Sun's future direction for SPARC calls for three families of processors: future versions of the existing MicroSPARC for lowest cost desktops; the SuperSPARC line, which addresses mainline desktop systems and offers upgradable multiprocessor support; and the new UltraSPARC, including V9, which is focused on multiprocessor performance for workstations.
In the immediate future, the shift to a 64-bit architecture in the imminent SPARC-V9 is a move designed to extend the life of the SPARC family to the next century. Sun must push forward with its next generation processor in the face of challenges from the PowerPC developed by IBM, Motorola and Apple Computer or Digital Equipment Corp.'s Alpha RISC chips, as well as the continuing steep ramp of the market-leading Intel Pentium CISC processor--which is now targeted at the workstation market.
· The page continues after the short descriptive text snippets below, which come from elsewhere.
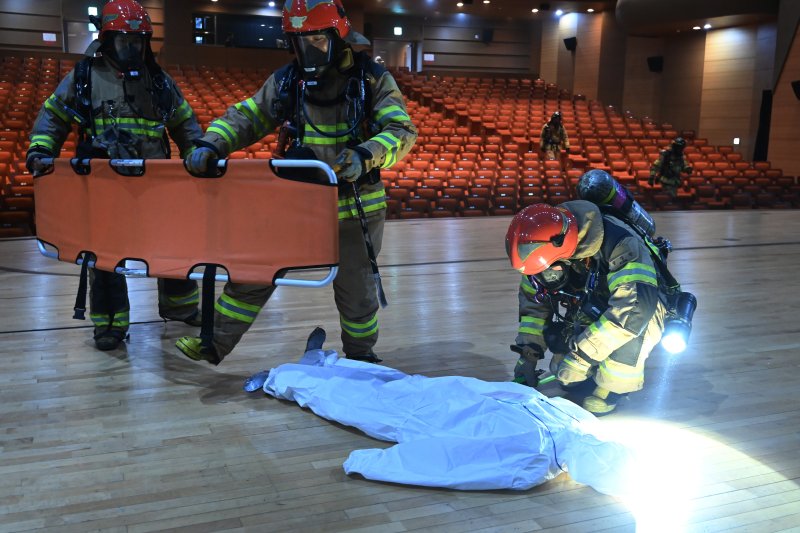 [수원=뉴시스] 김종택 기자 = 19일 경기 수원시 SK아트리움에서 열린 재난대응 안전한국훈련에서 소방대원들이 지진으로 건물 붕괴 상황을 가정한 긴급구조종합훈련을 하고 있다. 2025.05.19. jtk@newsis.com
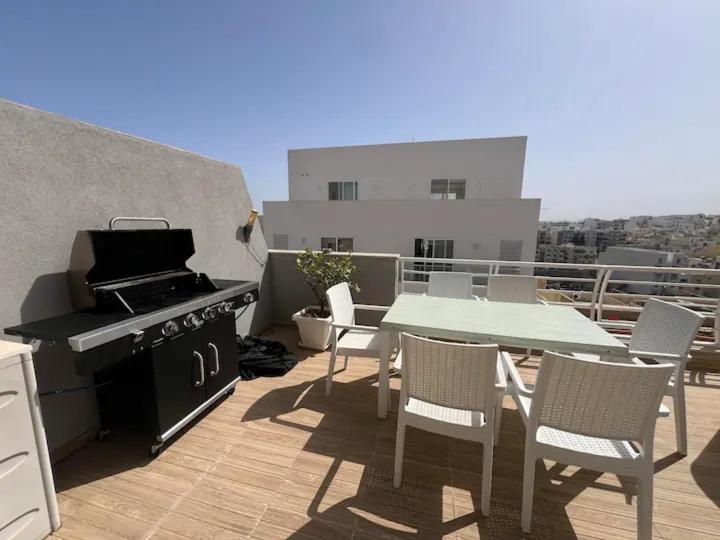 Amazing Spacious Apartment With Bbq & Jacuzzi San Ġiljan Exterior foto
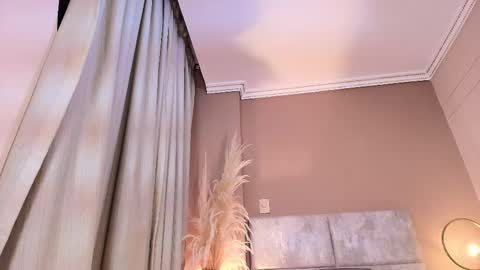 Selene Lujan online show from March 13, 11:44 am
Although Sun remains the number one workstation vendor in unit sales--in part because of its software advantage with approximately 8,000 SPARC software programs now available--SPARC system sales are flat, Sun is losing market share in the workstation market. Its share is down 1 percent according to Dataquest, while workstation competitors such as HP, which is up 4 percent, and Silicon Graphics, up 2 percent, eat up market share with new products.
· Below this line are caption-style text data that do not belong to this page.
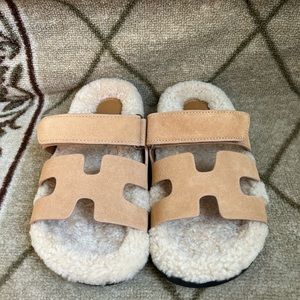 Brand new Sheep leather sandals Sz 35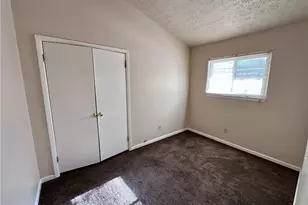 281 Grove St, Akron, OH 44302 - Photo 6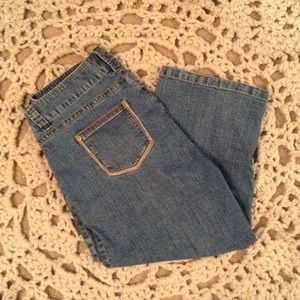 Ladies Denim Capri pants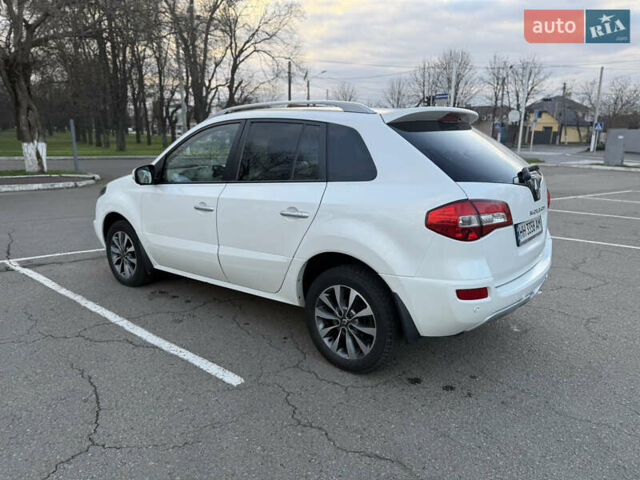 Белый Рено Колеос, объемом двигателя 2 л и пробегом 260 тыс. км за 9900 $, фото 5 на Automoto.ua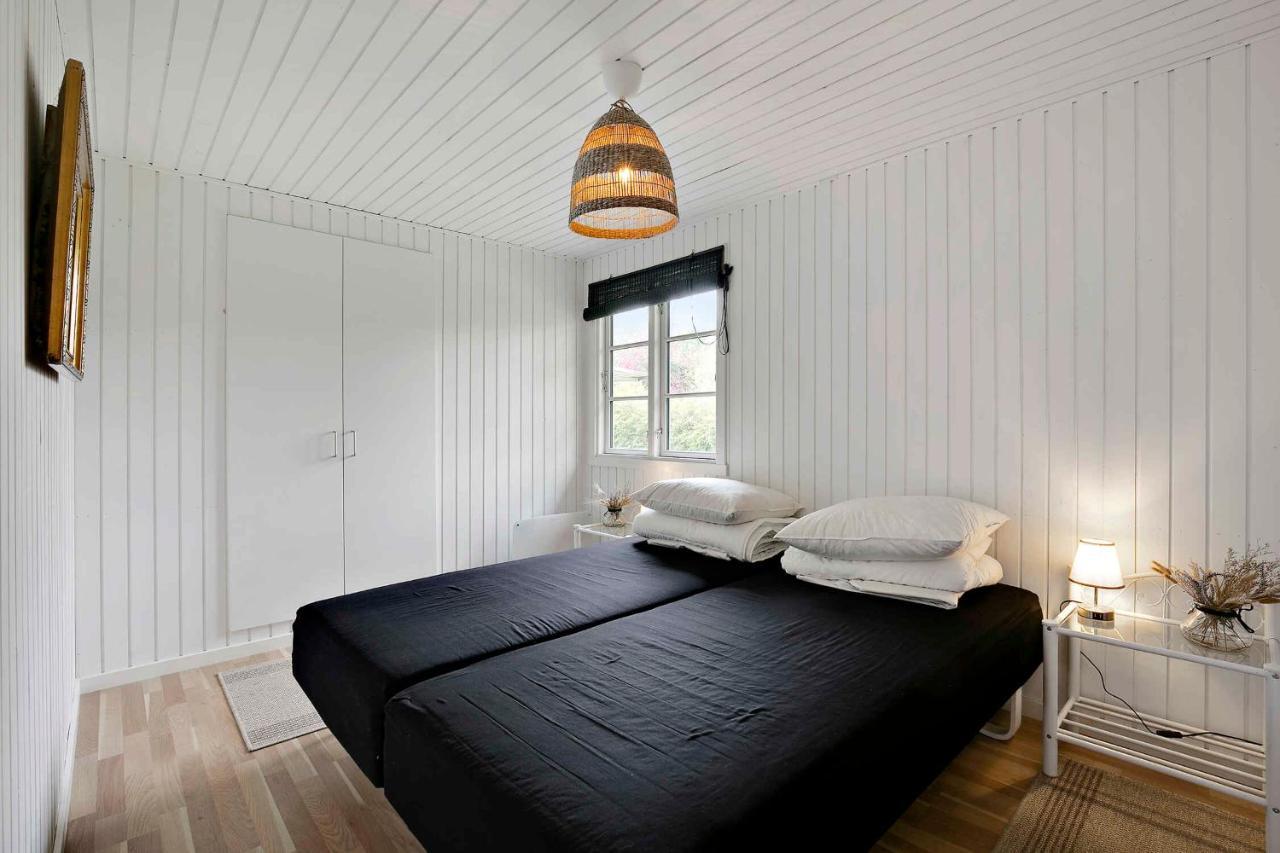 Nyistandsat Sommerhus Med Kaerlighed Og Sjael Kyndelose Bagian luar foto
That is one reason Sun is touting the performance features of the V9. The company's implementation of 64-bit virtual addressing, for example, will enable a raft of related features such as: All integer registers are extended from 32 to 64 bits, a new condition-code register gets set from the 64-bit values, and several new instructions will be able to manipulate 64-bit values. Existing V8 program instructions will still operate on registers directly but will only utilize the low 32 bits of the register. Therefore, all V8 instructions and programs are expected to get exactly the same results on V9 MPUs as they do on V8s.
Having had a difficult time with other product transitions, such as the early release period of Sun's Solaris 32-bit operating environment, the company is now committed to full binary compatibility on SPARC-V9.
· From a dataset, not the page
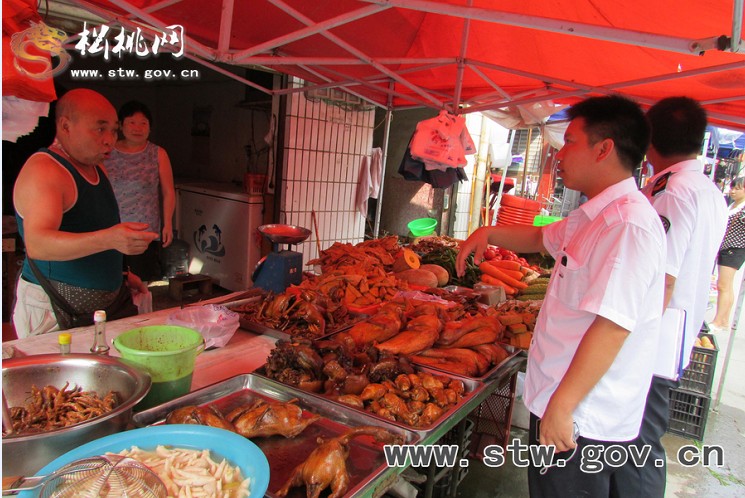 普覺鎮(zhèn)開展食品安全專項(xiàng)整治行動(dòng)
"We goofed. I have apologized for it in the past. The good news is that we've gone and fixed it and worked hard on the compatibility issues and all the rest of it," Sun president and CEO Scott McNealy recently said of the flubbed transition to Solaris 2.0. "We've fixed the binary compatibility package and the linking issues and really worked hard to put that compatibility back into Solaris. I've been there, and I've done that with respect to transitions. And read my lips, 'No more transitions.'"
Although there will be early adopters, the fact is, Mr. McNealy said, it will be awhile before systems built on the SPARC-V9 platform and other 64-bit processors become available. "Once you get the chip, then you build the software, then you build the development tools, then you build the application environment. I would imagine it will be a three to five-year migration before 64-bit becomes a volume standard kind of computing platform," he said, adding "There will be some early adopters, some people who have very large address space needs and that sort of thing."